■ What is needed: Your reply should be an exact copy of every entry, with the pictures removed.

■ Exercise input:
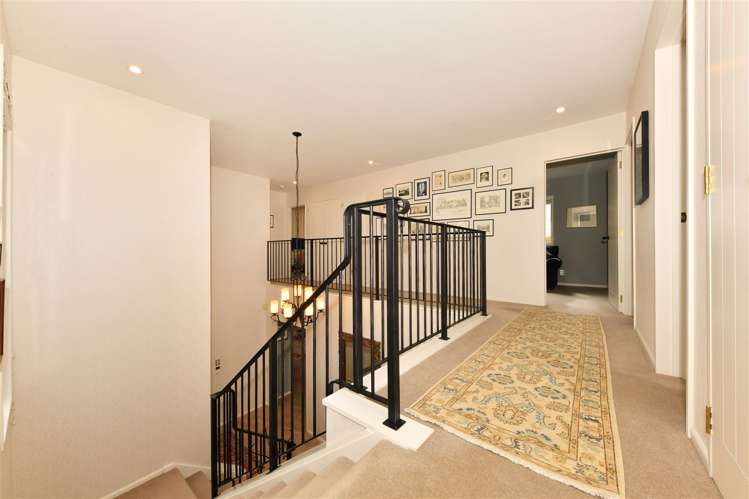 16a Hadlow Place Burnside_14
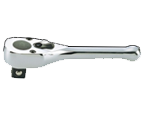 252.png
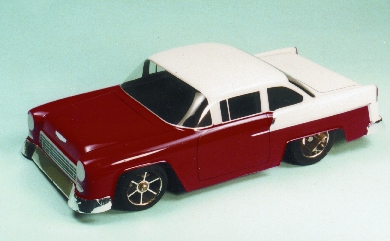 BL2008
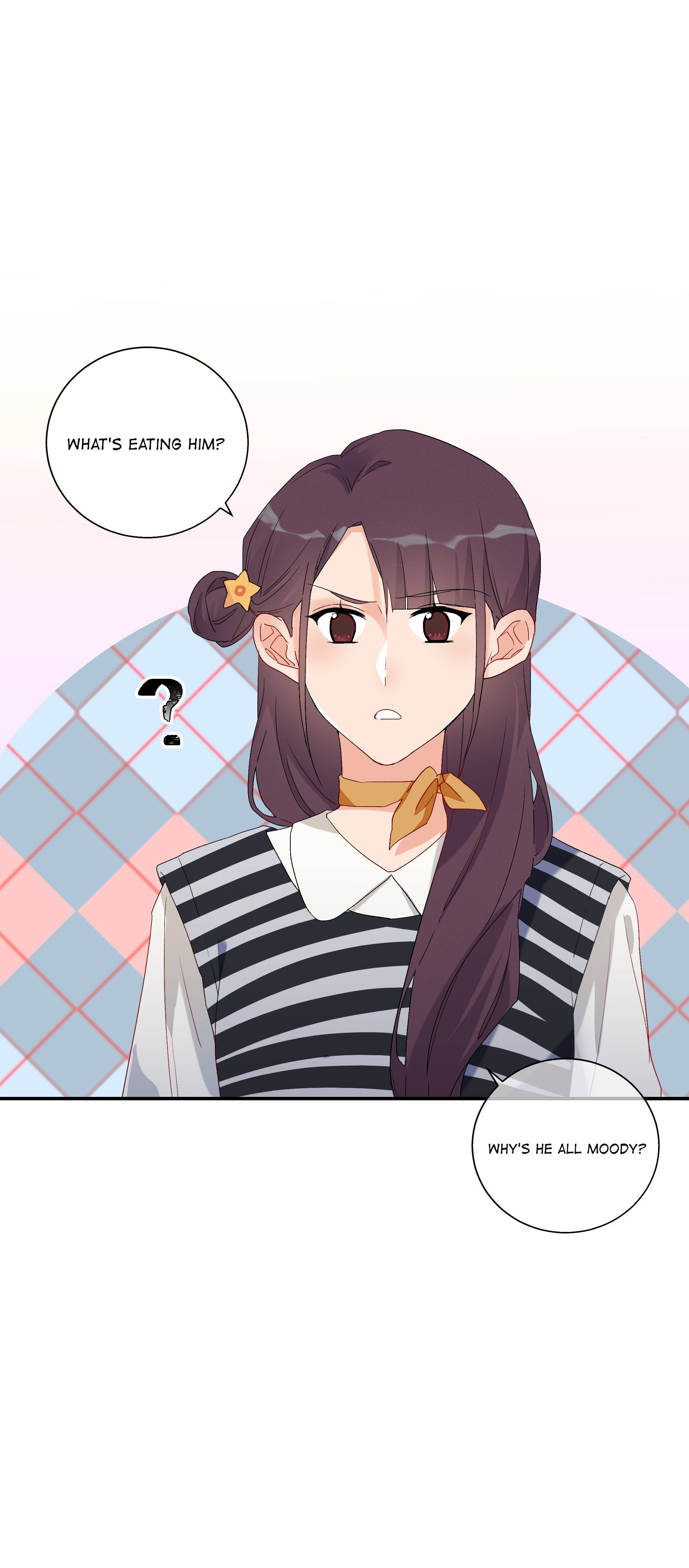 Page 59 of Chapter 45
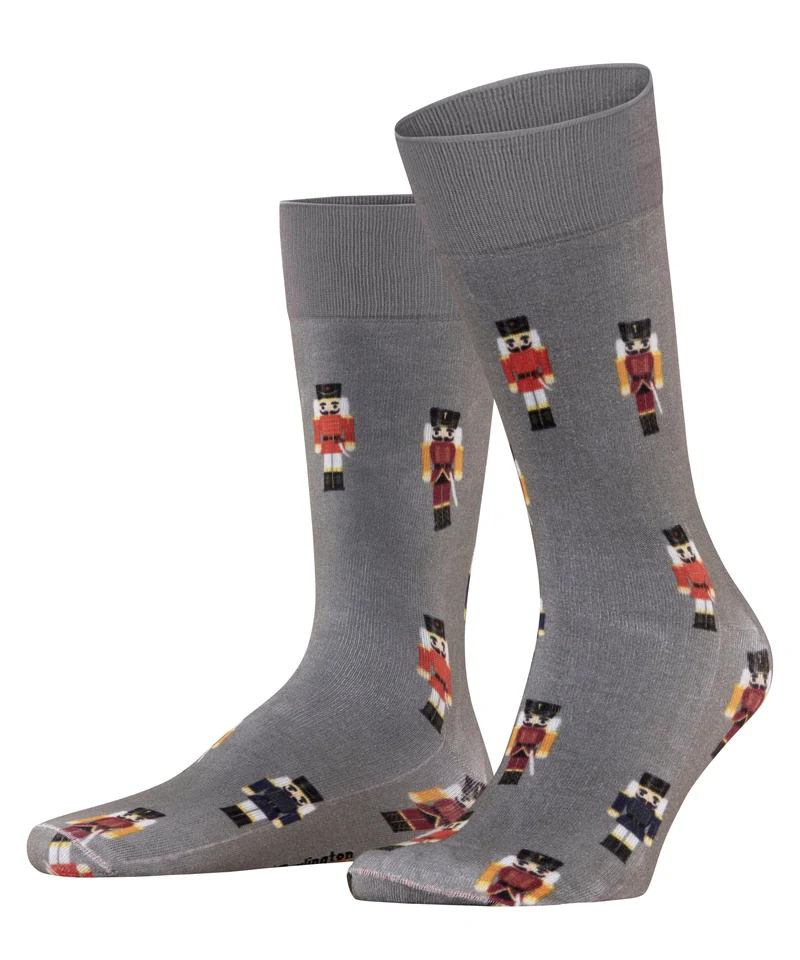 Burlington December Days Herren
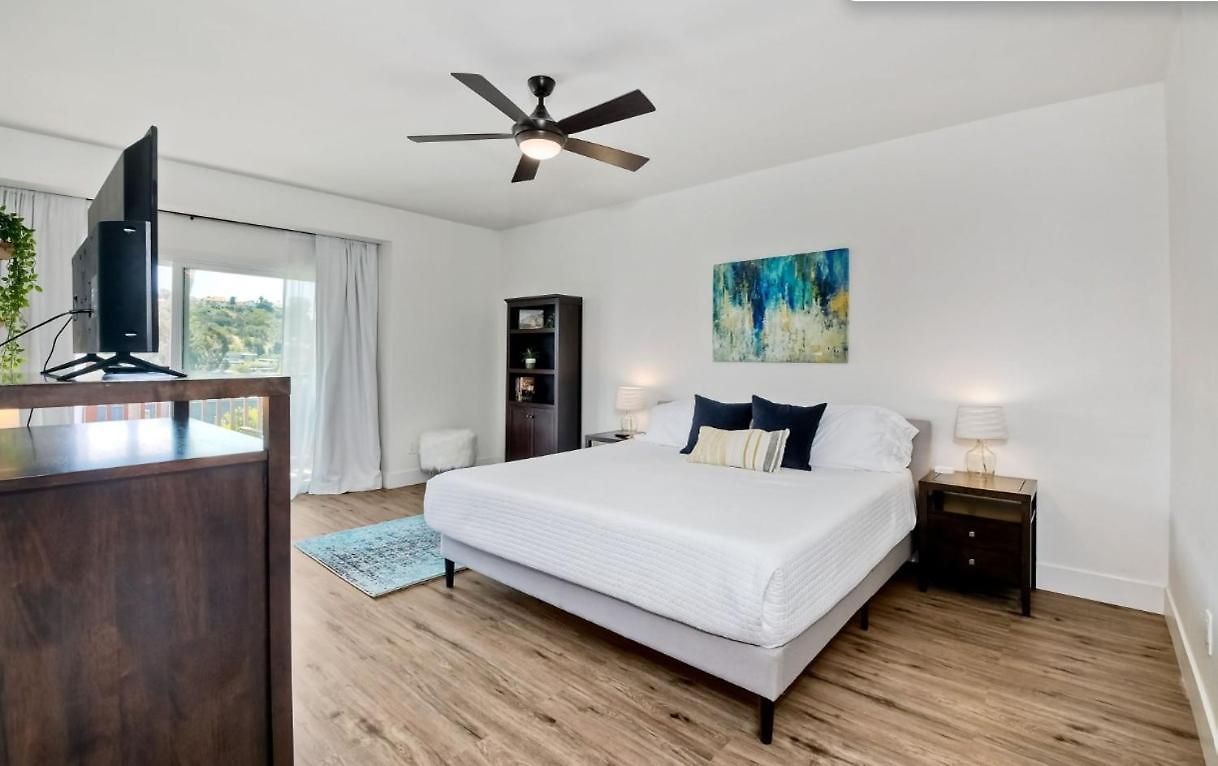 Costa Del Mar Holiday home Carlsbad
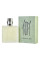 Cerruti 1881 1881 Pour Homme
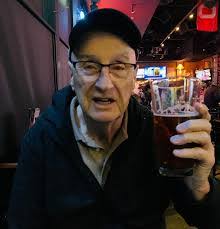 Molly Beard's Instagram, Twitter & Facebook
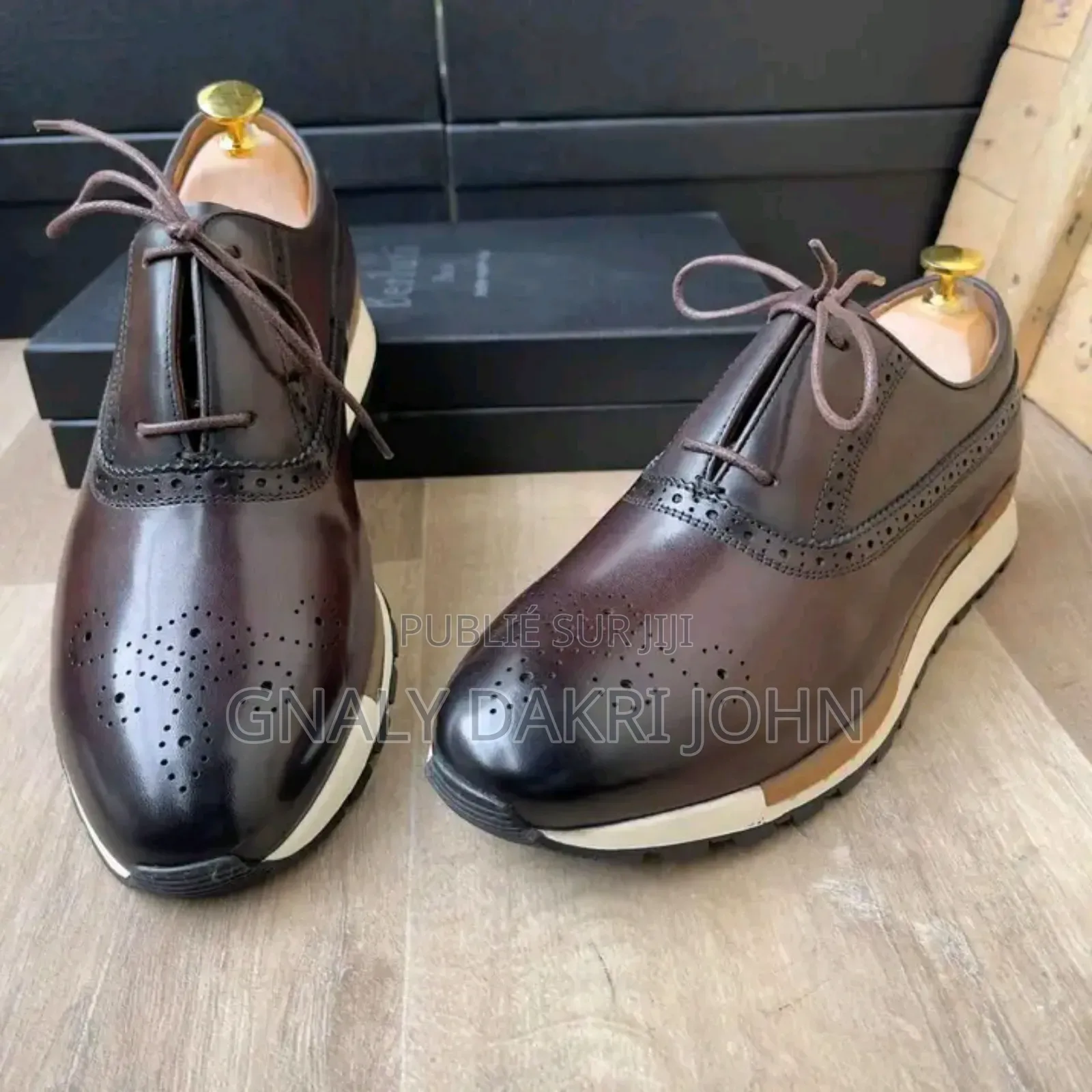 Marketing Opérationnel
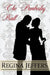 The Pemberley Ball: A Pride and Prejudice Vagary Novella by A. Lady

■ Solution for this problem:
 16a Hadlow Place Burnside_14
 252.png
 BL2008
 Page 59 of Chapter 45
 Burlington December Days Herren
 Costa Del Mar Holiday home Carlsbad
 Cerruti 1881 1881 Pour Homme
 Molly Beard's Instagram, Twitter & Facebook
 Marketing Opérationnel
 The Pemberley Ball: A Pride and Prejudice Vagary Novella by A. Lady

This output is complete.